1. An open end wrench (10) for fast driving a workpiece (90), that has a hexagonal driving cross-section, in a driving rotation direction of the wrench (10), and for rotating relative to the workpiece (90) in a non-driving rotation direction of the wrench (90), the open end wrench (10) comprising:

a wrench body (20) including a handle (21) and a jaw portion (22) formed on an end of the handle (21), with spaced first and second jaws (23, 24) and a throat (25) intermediate the first and second jaws (23,24) formed by the jaw portion (22) opposite to the handle (21) to define a one-side open wrenching space (26), the first jaw (23) including a force-applying face (231) facing the wrenching space (26) and the jaw portion (22) further including an arcuate sliding groove (27) facing the wrenching space (26) and formed at least to a greatest extent along the longitudinal length of the sliding groove (27) between two opposite longitudinal ends thereof, the sliding groove (27) arranged in a distance from the free end of the second jaw (24) and defined by spaced, first and second support wall faces (272, 273) and an arcuate sliding wall face (271) extending in a transverse direction between the first and second support wall faces (272, 273) to form the bottom of the sliding groove (27) along the length thereof, with a guide element (28) fixed to the support wall faces (272, 273),

a slide (30) slideably received in the sliding groove (27) to be slidable in the sliding groove (27) between at least a driving position and a non-driving position, the slide (30) including an arcuate sliding face (31) facing the sliding wall face (271) of the sliding groove (27) to be slidable along the sliding wall face (271), the slide (30) further including a second side opposite to the arcuate sliding face (31), a top face (301), a bottom face (302) and an arcuate guiding slot (35) that extends from the top face (301) and through the bottom face (302) and receives the guide element (28), the second side of the slide (30) including a first wrenching face (32) located outside of the sliding groove (27) in the wrenching space (26) and parallel with the force-applying (231) of the jaw (23) in the driving position of the slide (30), the top face (301) slideably abutting the first support wall (272), with the bottom face (302) slideably abutting the second support wall (273), with the top and bottom faces (301, 302) symmetrically supported by the first and second support walls (272, 273), the guiding slot (35) including an abutting end (351) and a pressing end (352), and

an elastic device (40) mounted in the guiding slot (35) and having two ends respectively abutting the guide element (28) and the pressing end (352) of the guiding slot (35), with the elastic device (40) urging the abutting end (351) of the guiding slot (35) to contact with the guide element (28) for biasing the slide (30) to the driving position,

the slide (30) including two wings (37) that extend from the top face (301) and bottom face (302) of the slide (30) transversely beyond the first and second support wall faces (272, 273) of the sliding groove (27), with each of the first and second wings (37) including inner and outer faces (371, 372), with the inner faces (371) of wings (37) adapted to drive the workpiece (90), the inner faces (371) of the wings (37) adapted to contact with the outer periphery of the workpiece (90) received in the wrenching space (26) to increase the first wrenching face (32) of the slide (30), with the outer faces (372) of the wings (37) spaced from the body (20) to avoid friction between the body (20) and the first and second wings (37), allowing smooth sliding movement of the slide (30) between the driving position and the non-driving position.

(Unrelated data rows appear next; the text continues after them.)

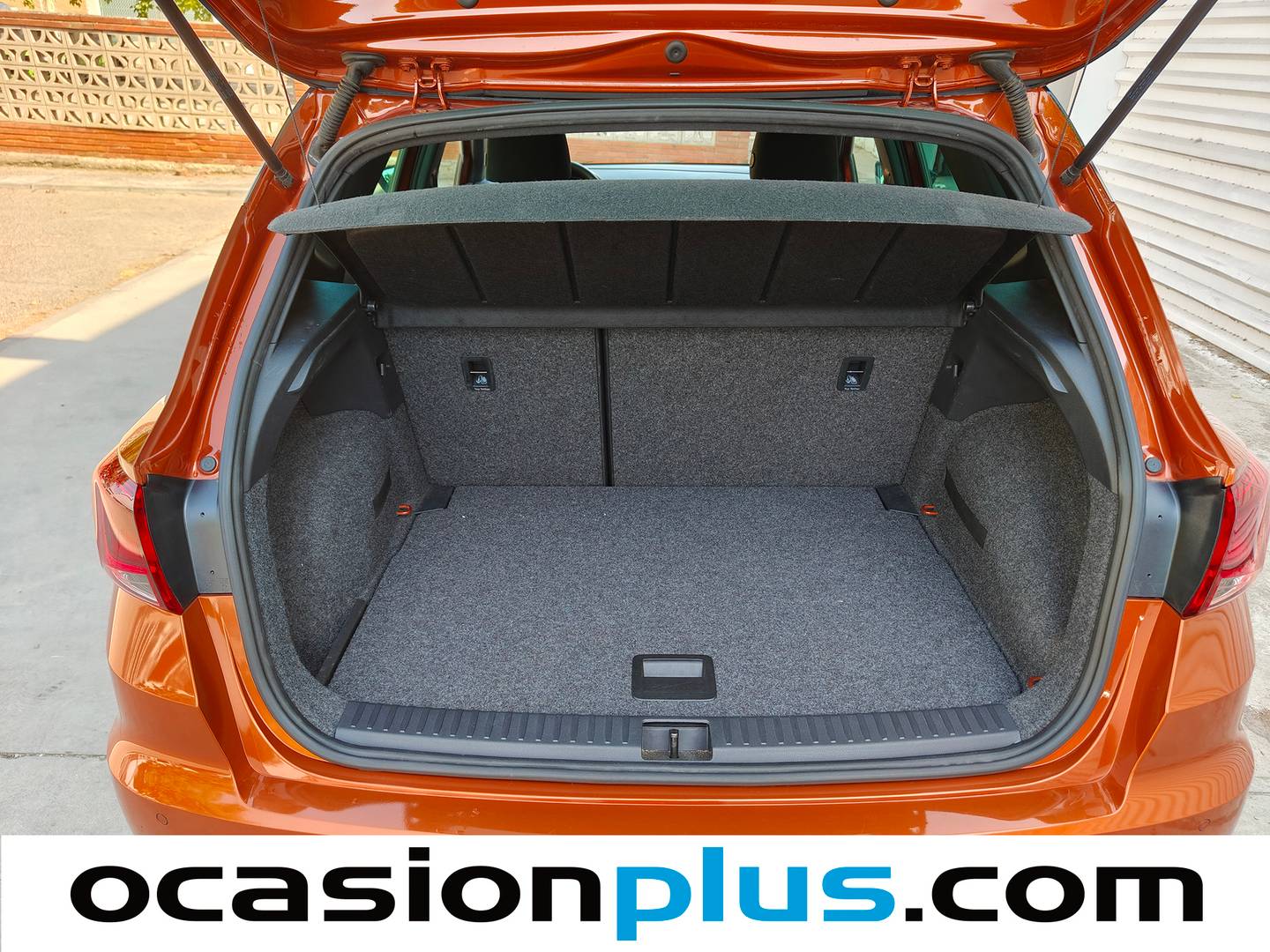Fotos maletero Seat Arona Seat Arona 1.0 TSI Ecomotive FR DSG (115 CV)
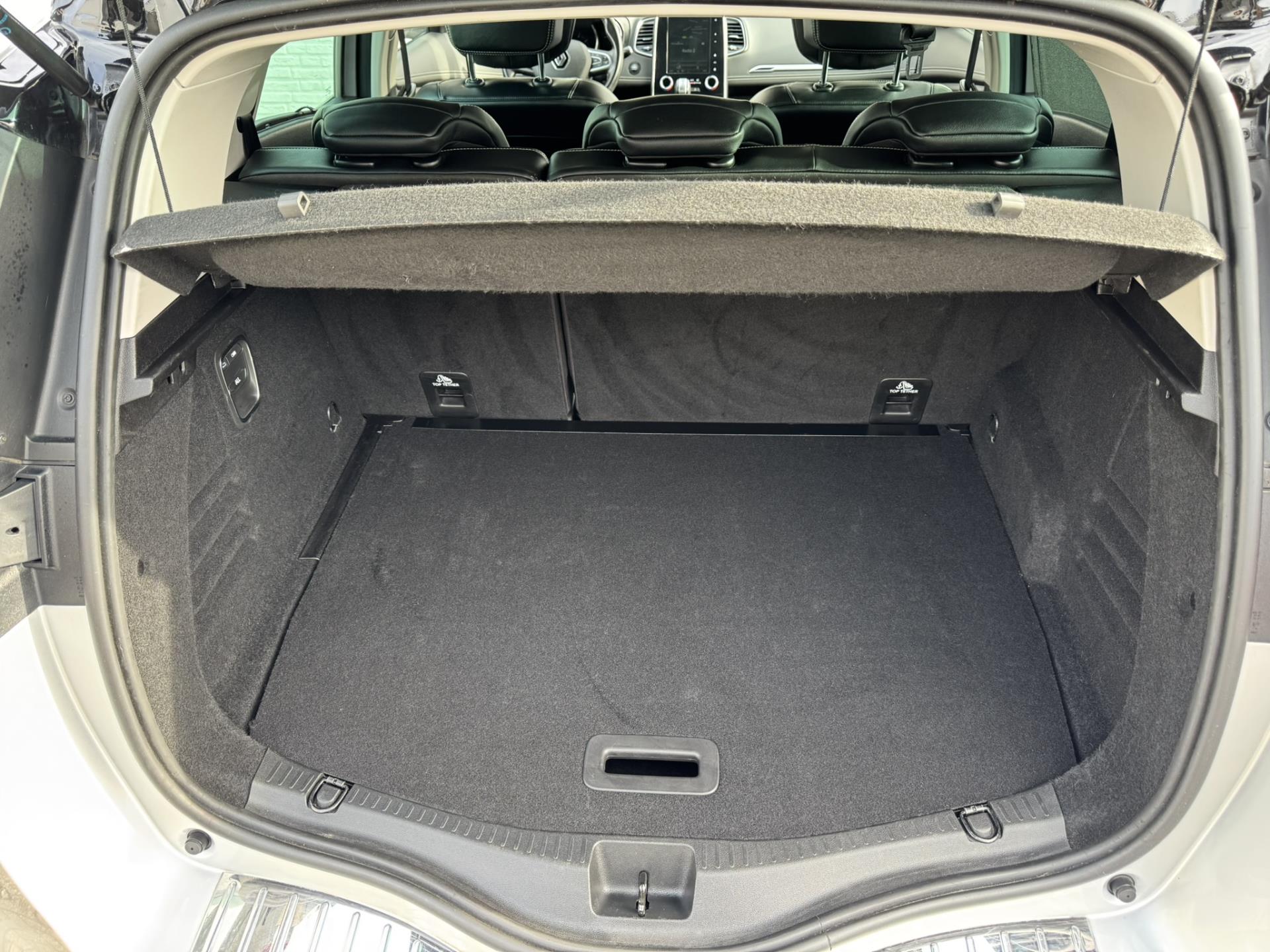 Foto van Renault Scenic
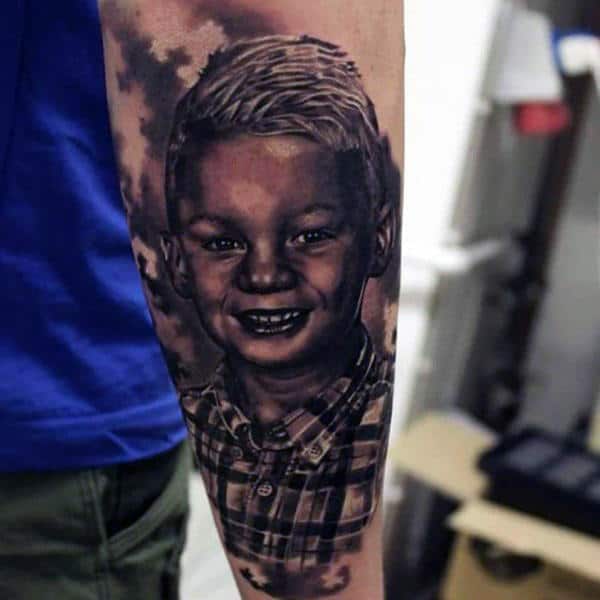 Cool Father Son Tattoo Designs and Meanings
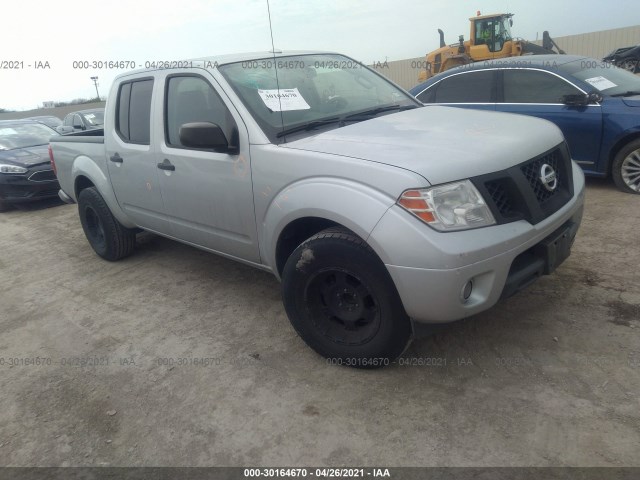 Photo 0 VIN: 1N6AD0ER0DN764095 - NISSAN FRONTIER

2. The open end wrench as claimed in claim 1, with the first wrenching face (32) including a top extension face (36) extending away from the top face (301) and a bottom extension face (36) extending away from the bottom face (302), with the top and bottom extension faces (36) coplanar to the first wrenching face (32) and located on the inner faces (371) of the two wings (37).

3. The open end wrench as claimed in claim 2, with the first and second jaws (23, 24) and the first wrenching face (32) and the top and bottom extension faces (36) of the slide (30) together defining a curvature of a circle circumscribing the hexagonal workpiece (90) having a center located on axis (C) of the workpiece (90), with the first and second jaws (23, 24) and the first wrenching face (32) and the top and bottom extension faces (36) of the slide (30) rotatable along about the center (C) of the workpiece (90), with the first wrenching face (32) and the top and bottom extension faces (36) slideable along a circumference of a circumscribed circle of the workpiece (90), having a diameter (D), without interference.

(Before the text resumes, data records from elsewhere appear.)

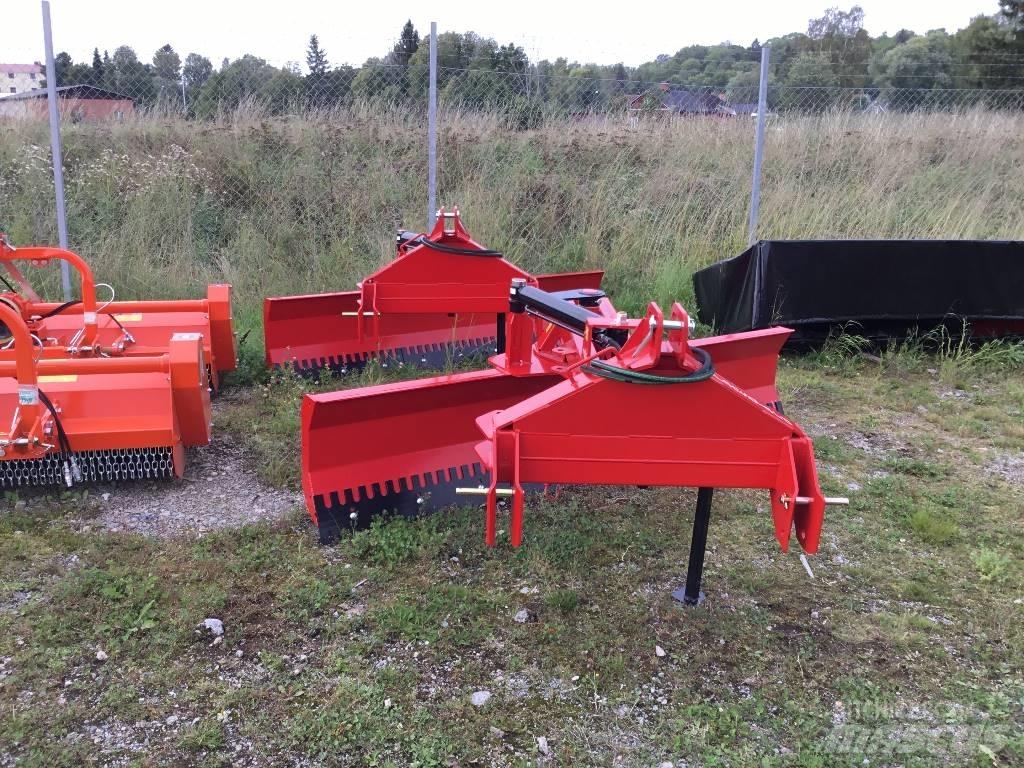 Fransgård GT 275 HY Пътни драги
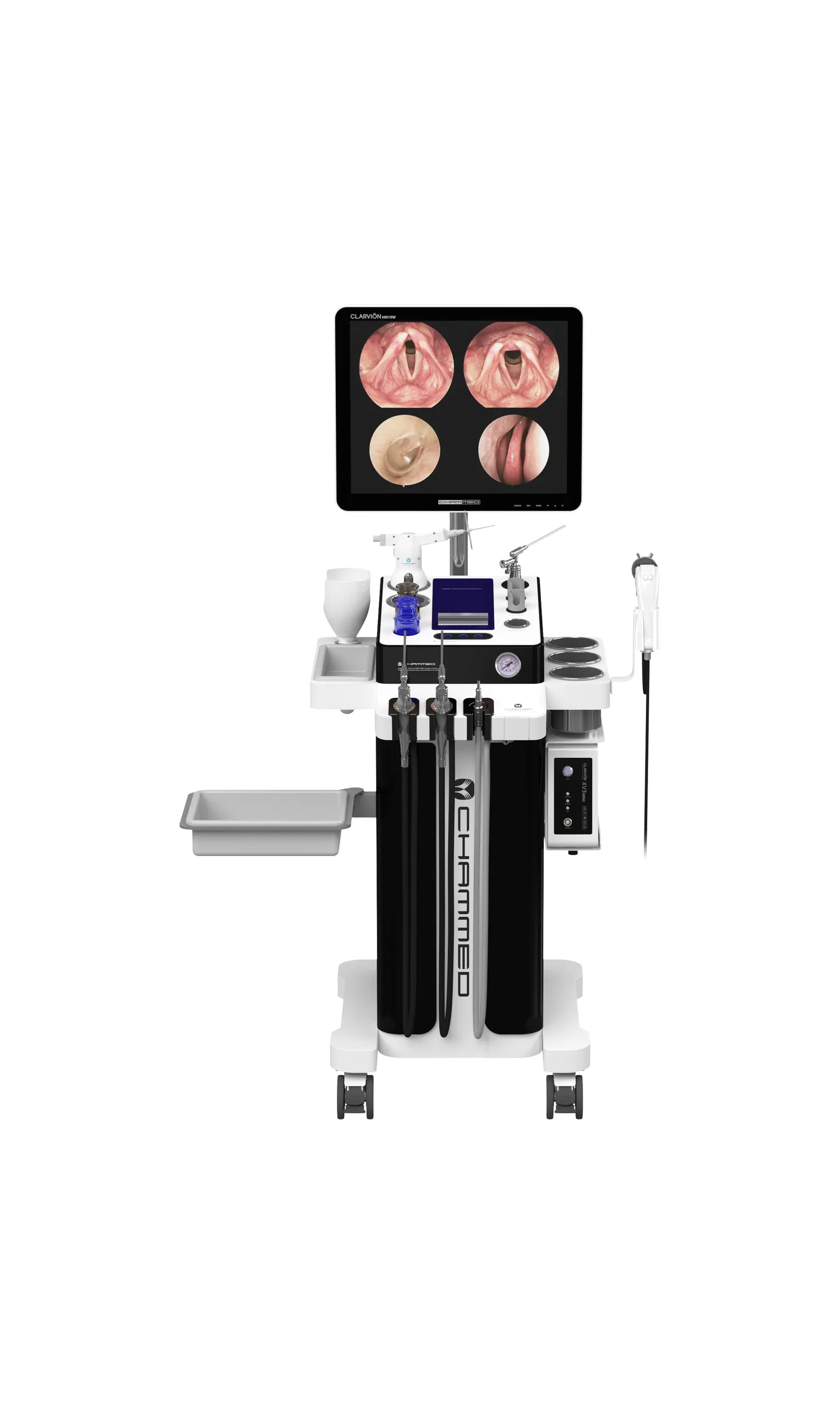 ENT Units – Otolaryngology Workstations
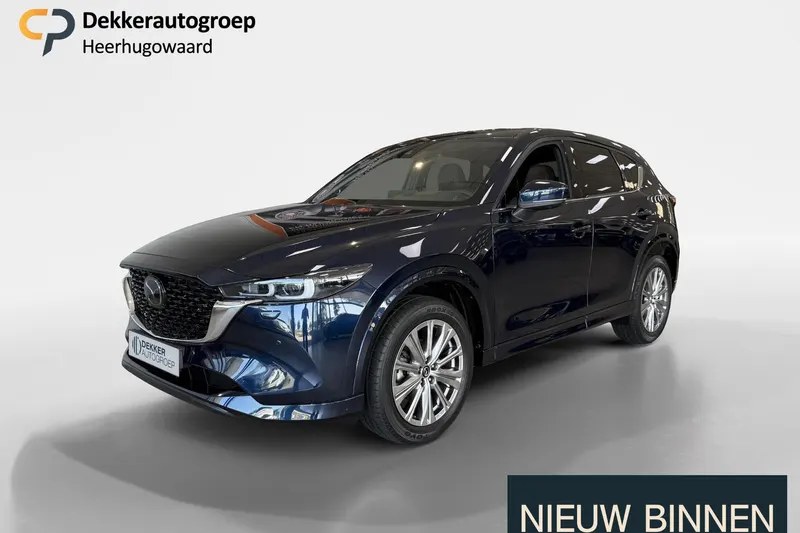 Mazda CX-5 (2023)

4. The open end wrench as claimed in claim 1, with the sliding wall (271) of the sliding groove (27) free of holes, grooves and recesses and having a concave, arcuate face, with the sliding face (31) of the slide (30) free of holes, grooves and recesses and having a convex, arcuate face, and with the guiding slot (35) free of holes, grooves, and recesses.

5. The open end wrench as claimed in claim 1, with the force-applying face (231) facing the front end of the second jaw (24), with the sliding groove (27) formed in the second jaw (24), with the force-applying face (231) adapted to correspond to the first force-receiving face (91A) of the workpiece (90) in the first rotation direction, with the first wrenching face (32) and the wings (37) of the slide (30) adapted to correspond to the fourth force-receiving face (94A) of the workpiece (90) in the first rotation direction when the slide (30) is in the driving position.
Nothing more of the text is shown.